**ASSIGNED TASK:** Please return only the lines from the one holding "BMW Seria 3 330i xDrive M Sport - 14" through the one holding "Fauteuil scandinave Années", exactly as they appear in the records below, both ends included.

**AVAILABLE RECORDS:**
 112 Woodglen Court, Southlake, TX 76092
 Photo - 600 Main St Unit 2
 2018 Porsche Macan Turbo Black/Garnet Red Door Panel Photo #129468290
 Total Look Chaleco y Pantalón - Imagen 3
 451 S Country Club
--
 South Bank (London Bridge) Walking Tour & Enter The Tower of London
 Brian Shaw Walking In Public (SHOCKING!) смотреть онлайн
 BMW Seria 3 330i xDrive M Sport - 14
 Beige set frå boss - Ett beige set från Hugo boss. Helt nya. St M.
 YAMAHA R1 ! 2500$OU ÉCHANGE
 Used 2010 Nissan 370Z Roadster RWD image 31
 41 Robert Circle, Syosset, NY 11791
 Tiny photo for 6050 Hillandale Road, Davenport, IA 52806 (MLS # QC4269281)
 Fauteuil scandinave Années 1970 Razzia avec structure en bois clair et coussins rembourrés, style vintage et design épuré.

**SOLUTION FOR THIS TASK:**
 BMW Seria 3 330i xDrive M Sport - 14
 Beige set frå boss - Ett beige set från Hugo boss. Helt nya. St M.
 YAMAHA R1 ! 2500$OU ÉCHANGE
 Used 2010 Nissan 370Z Roadster RWD image 31
 41 Robert Circle, Syosset, NY 11791
 Tiny photo for 6050 Hillandale Road, Davenport, IA 52806 (MLS # QC4269281)
 Fauteuil scandinave Années 1970 Razzia avec structure en bois clair et coussins rembourrés, style vintage et design épuré.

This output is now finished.